-- Opening Marker --

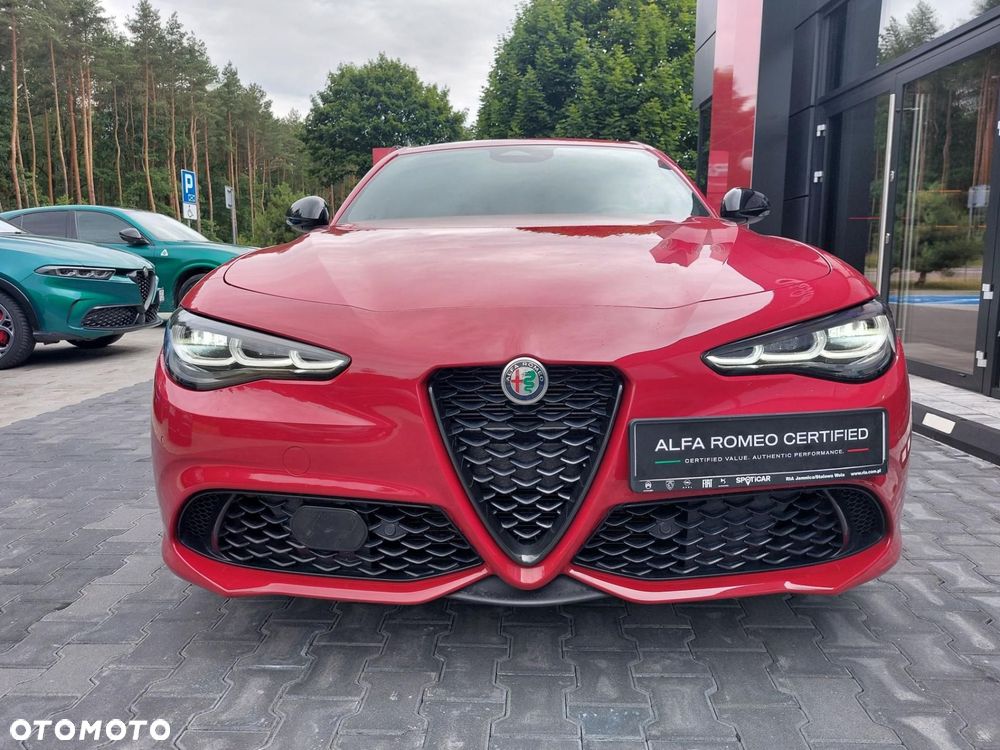 Alfa Romeo Giulia - 6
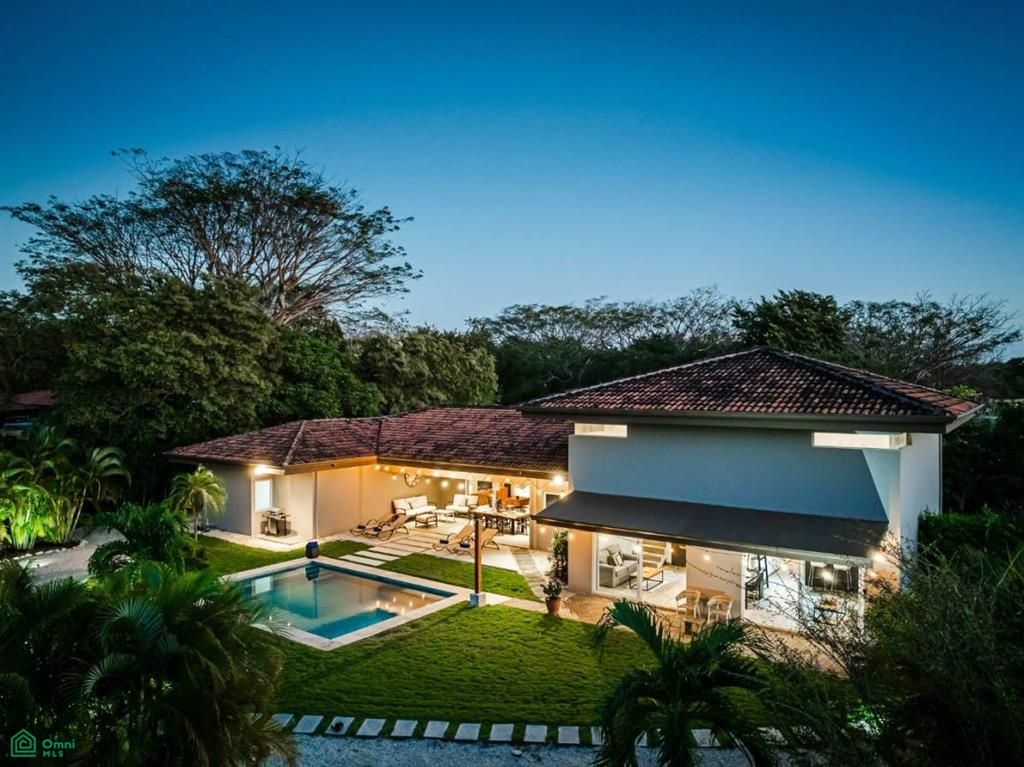 Casa Kenya Las Brisas 60 , Tamarindo, Guanacaste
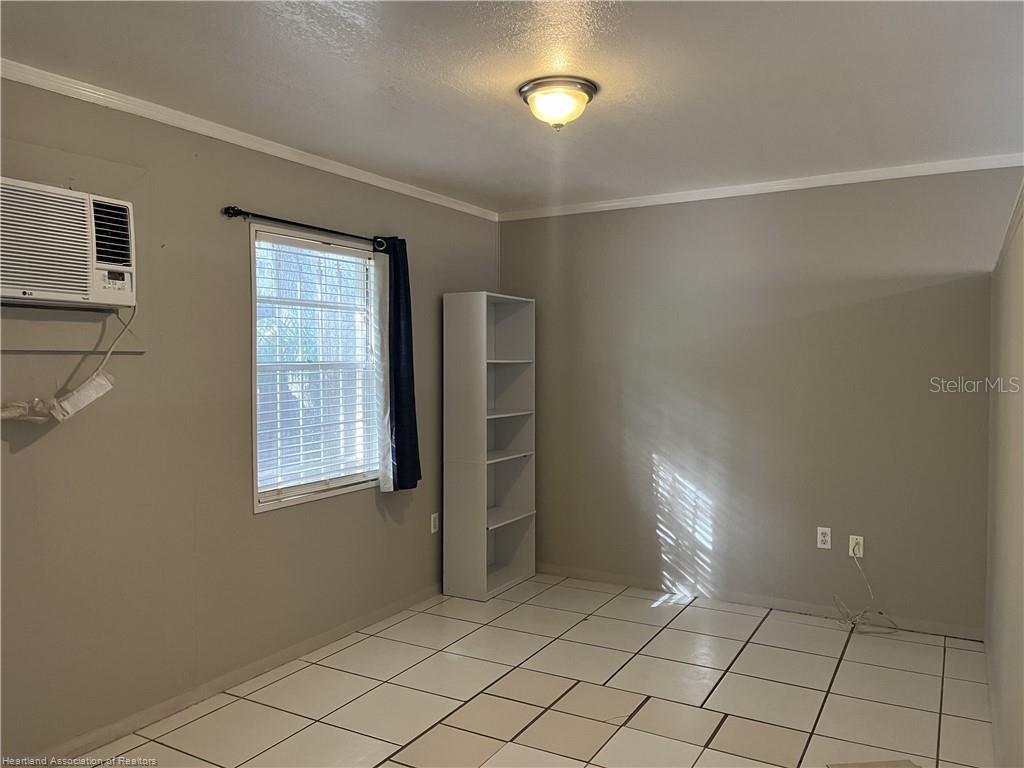 231 S Orange St Property Photo 10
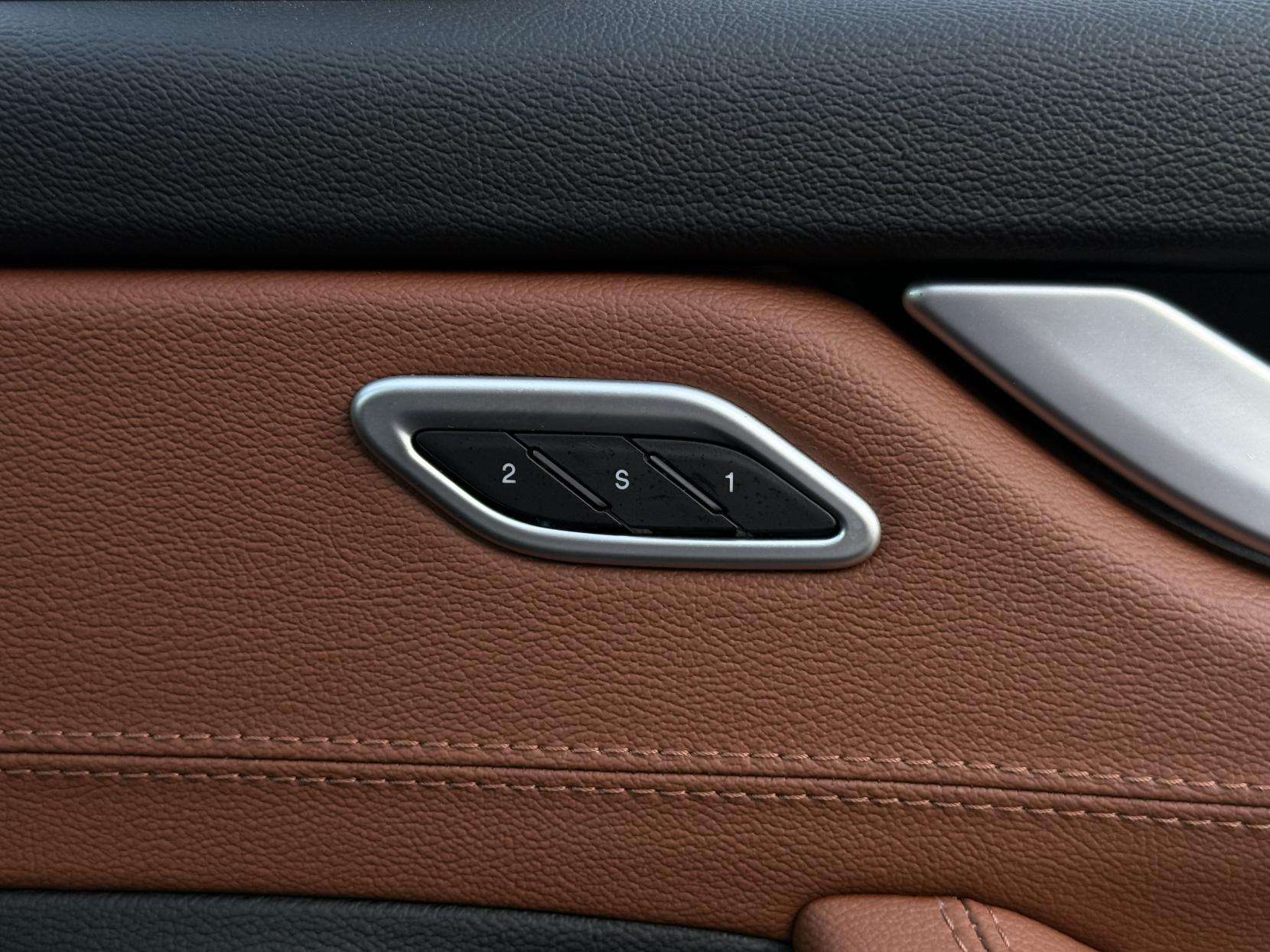 2021 MASERATI LEVANTE 2021 MASERATI LEVANTE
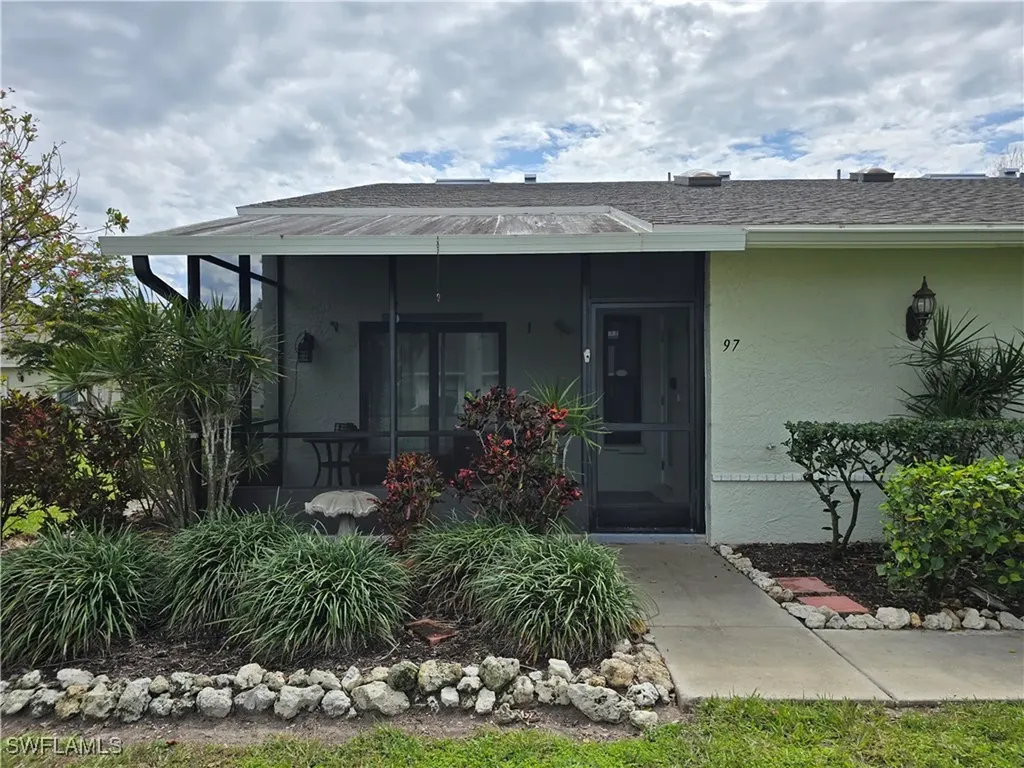 1433 SW 51st Lane Cape Coral FL 33914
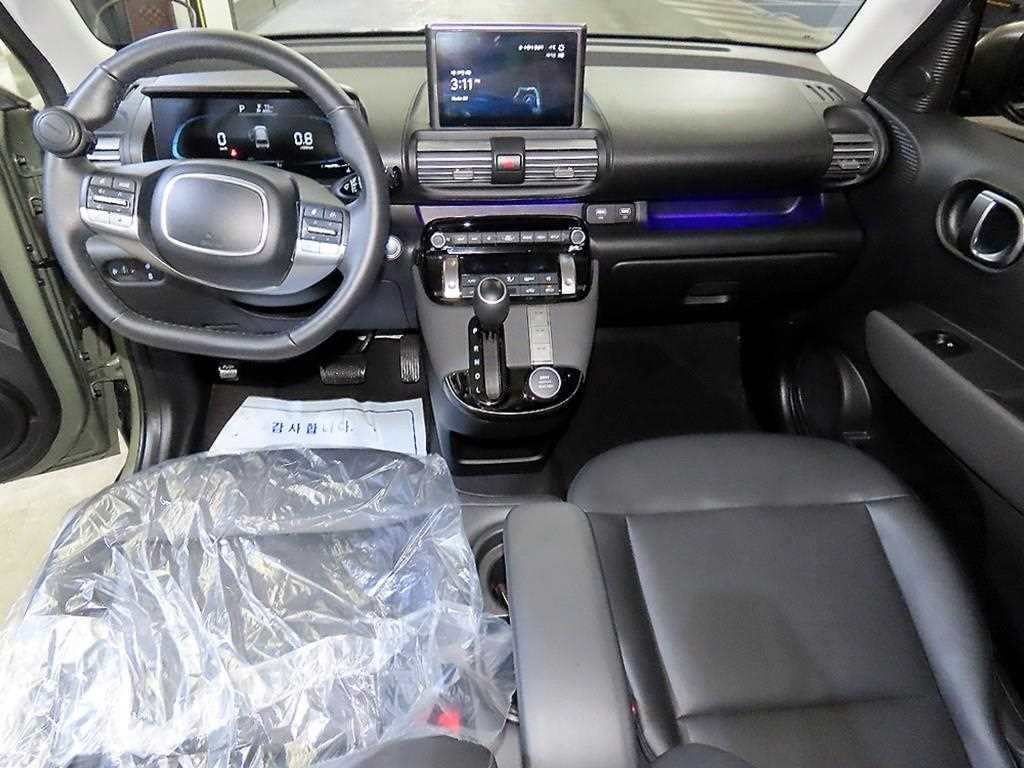 HYUNDAI Casper - Vista 12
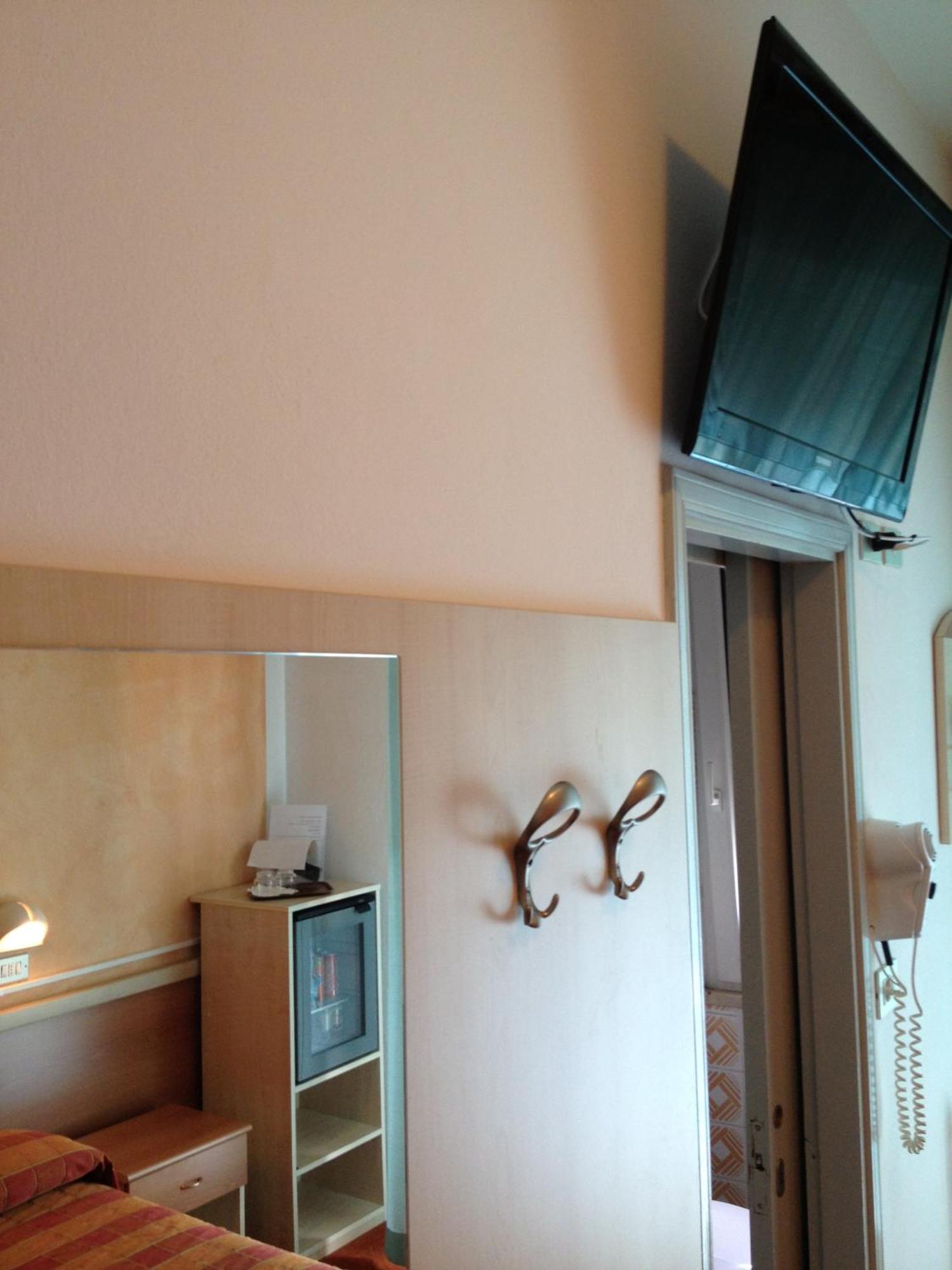 Hotel St. Moritz Μπελάρια-Ιτζέα Μαρίνα Εξωτερικό φωτογραφία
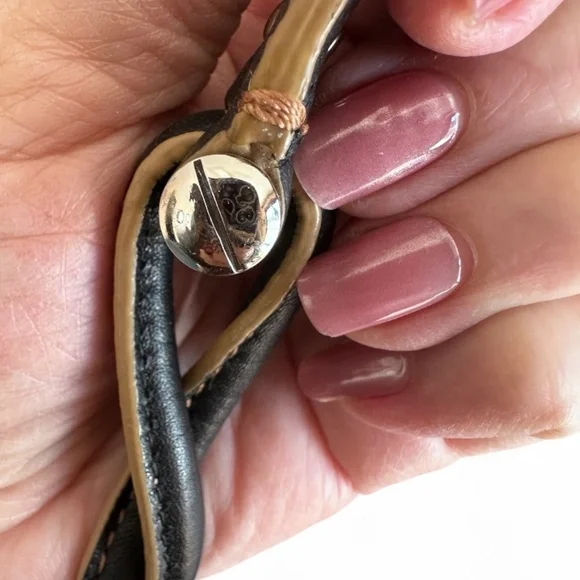 Vintage COLE HAAN Black Pebbled Leather Village Purse SP06 w/ Baseball Stitch! - Picture 12 of 16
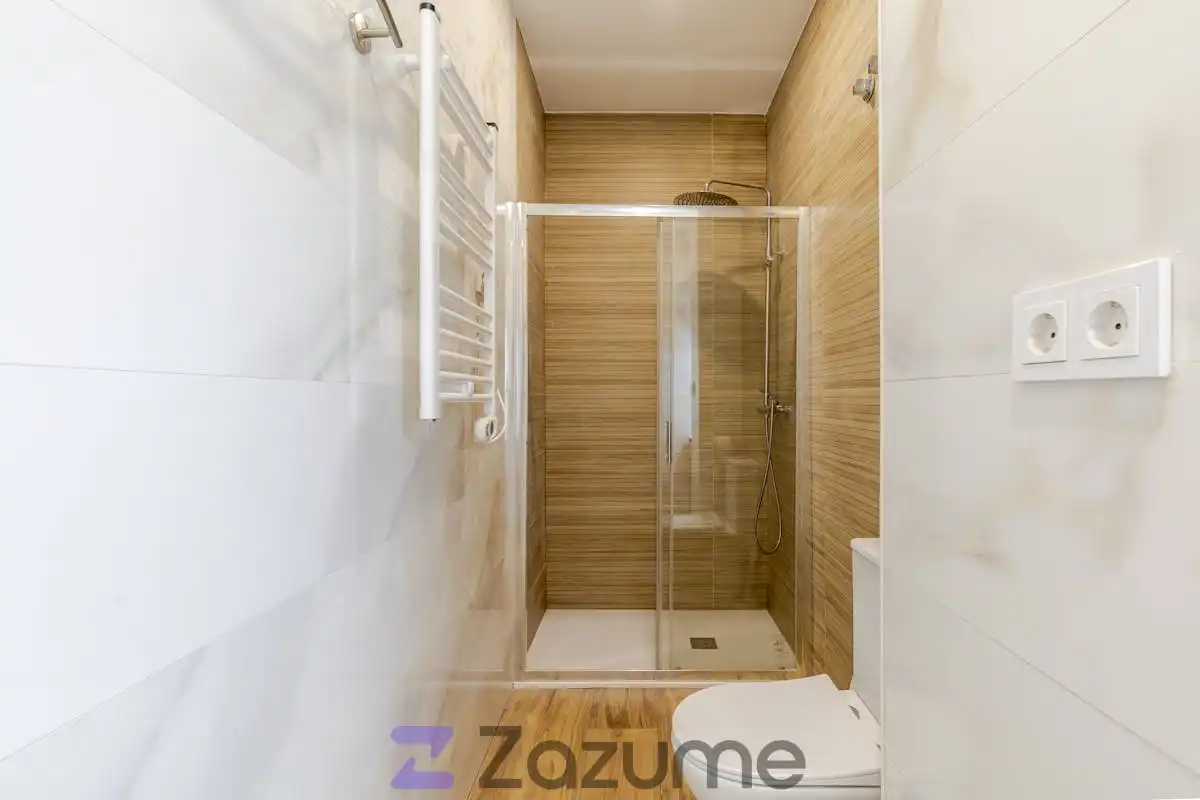 Bathroom of Flat for rent in Madrid  with Air Conditioner, Heating and Furnished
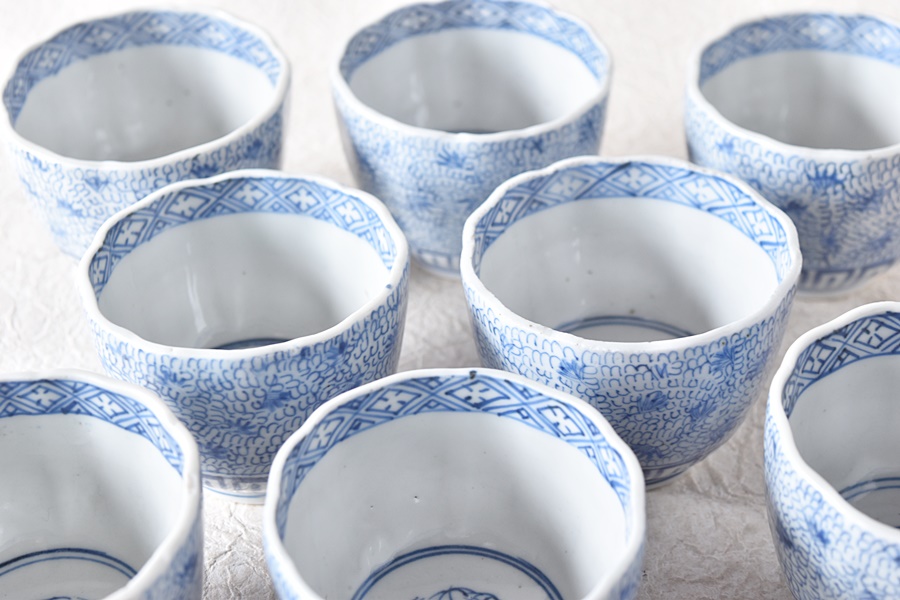 古伊万里 染付 微塵唐草 蕎麦猪口 輪花型向付 - 生活骨董と古布の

-- Closing Marker --

Beginning at the line that contains "Hotel St. Moritz", transcribe it and every later line through the last line of the data above, exactly, and drop the pictures.

*EXERCISE RESULT*.
 Hotel St. Moritz Μπελάρια-Ιτζέα Μαρίνα Εξωτερικό φωτογραφία
 Vintage COLE HAAN Black Pebbled Leather Village Purse SP06 w/ Baseball Stitch! - Picture 12 of 16
 Bathroom of Flat for rent in Madrid  with Air Conditioner, Heating and Furnished
 古伊万里 染付 微塵唐草 蕎麦猪口 輪花型向付 - 生活骨董と古布の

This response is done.